---- Available data

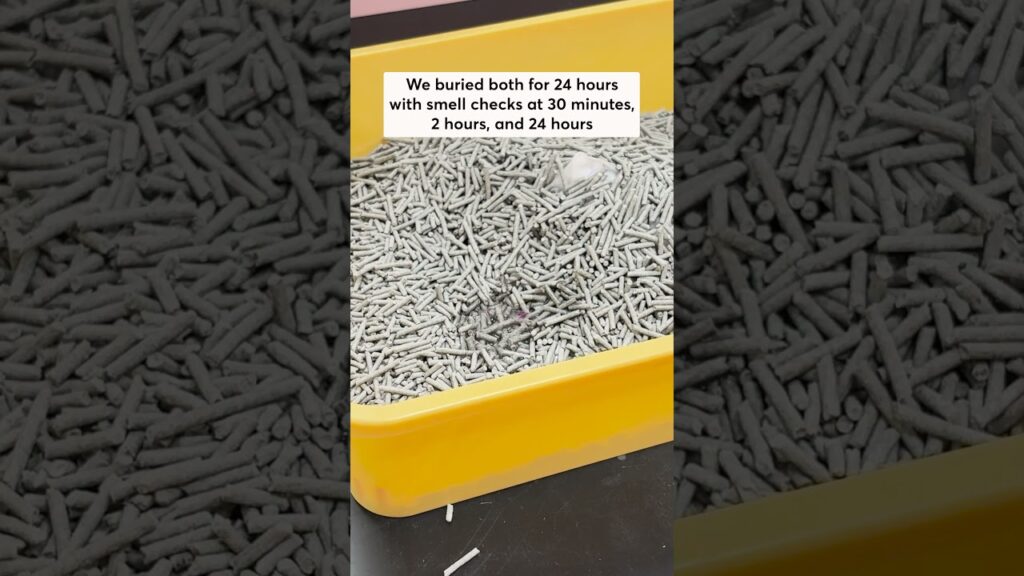 Ever wondered how well kitty litters can mask odors? We put them to the test with onion juice! 1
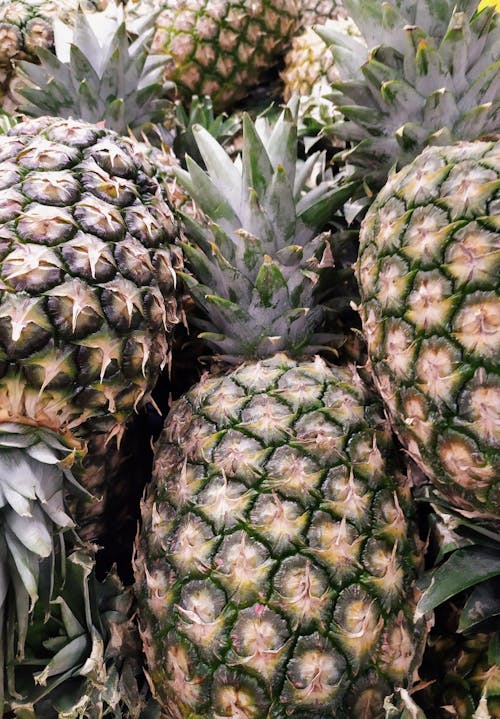 Close-up of Pineapples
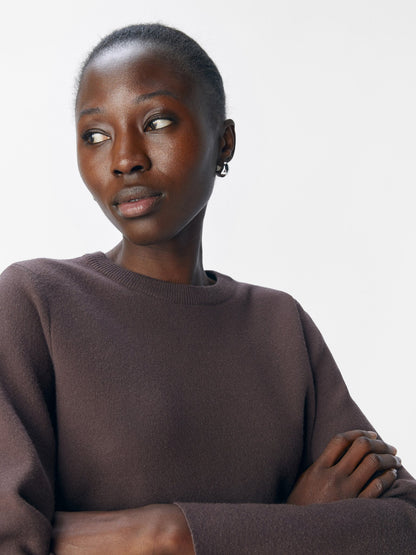 Objekt | Pullover, braune Robbe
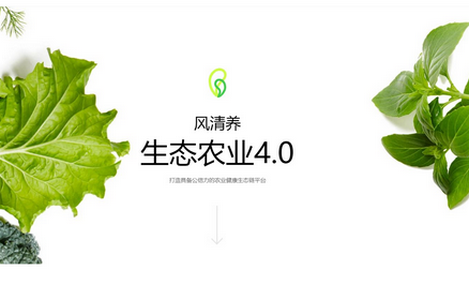 风清养APP
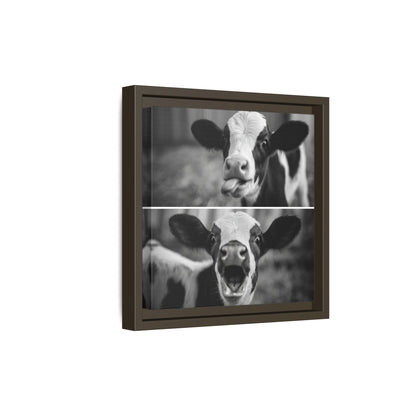 Whimsical Cow Photography | Black and White Animal Art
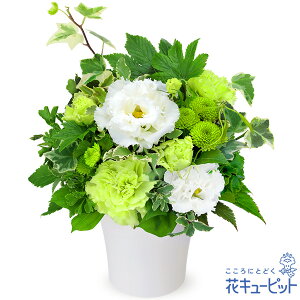 花キューピット【お盆】お供えのアレンジメントmk00-511953 新盆 初盆 供花 お悔やみ お供え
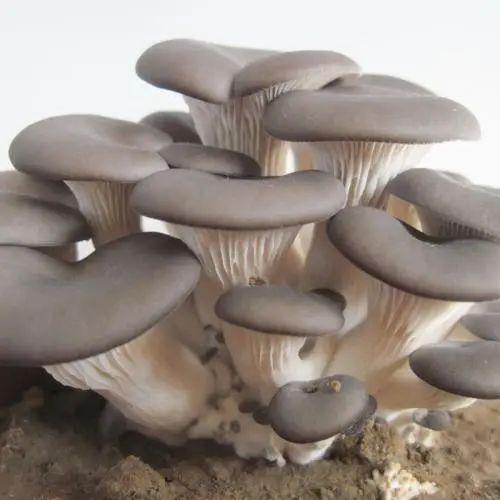 蘑菇種植技術與管理方法（一文開啟你的蘑菇種植路）11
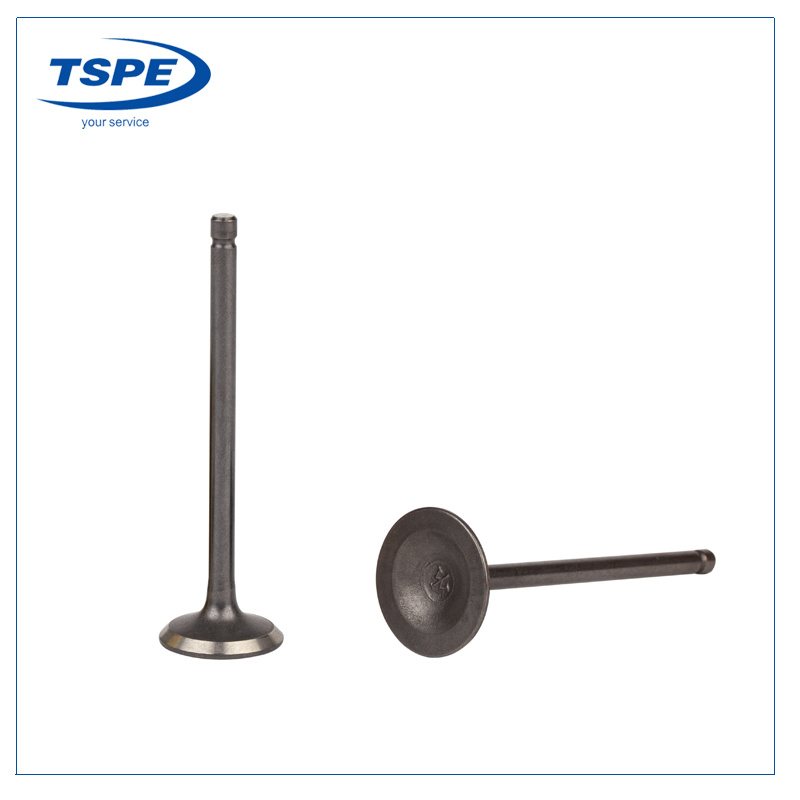 Motorcycle Engine Valve Intake Exhaust Valve for Fz16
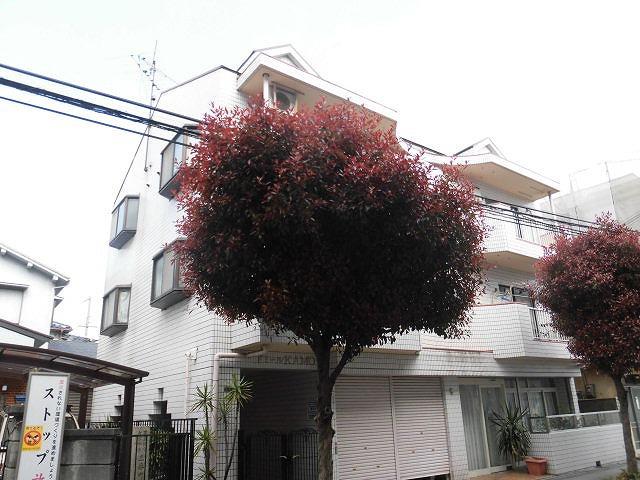 ドミールKAMO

--------

Problem requirements:
The reply should hold the lines from the top of the records through the line containing "Whimsical Cow Photography", reproduced exactly, and no pictures.

Problem solution:
 Ever wondered how well kitty litters can mask odors? We put them to the test with onion juice! 1
 Close-up of Pineapples
 Objekt | Pullover, braune Robbe
 风清养APP
 Whimsical Cow Photography | Black and White Animal Art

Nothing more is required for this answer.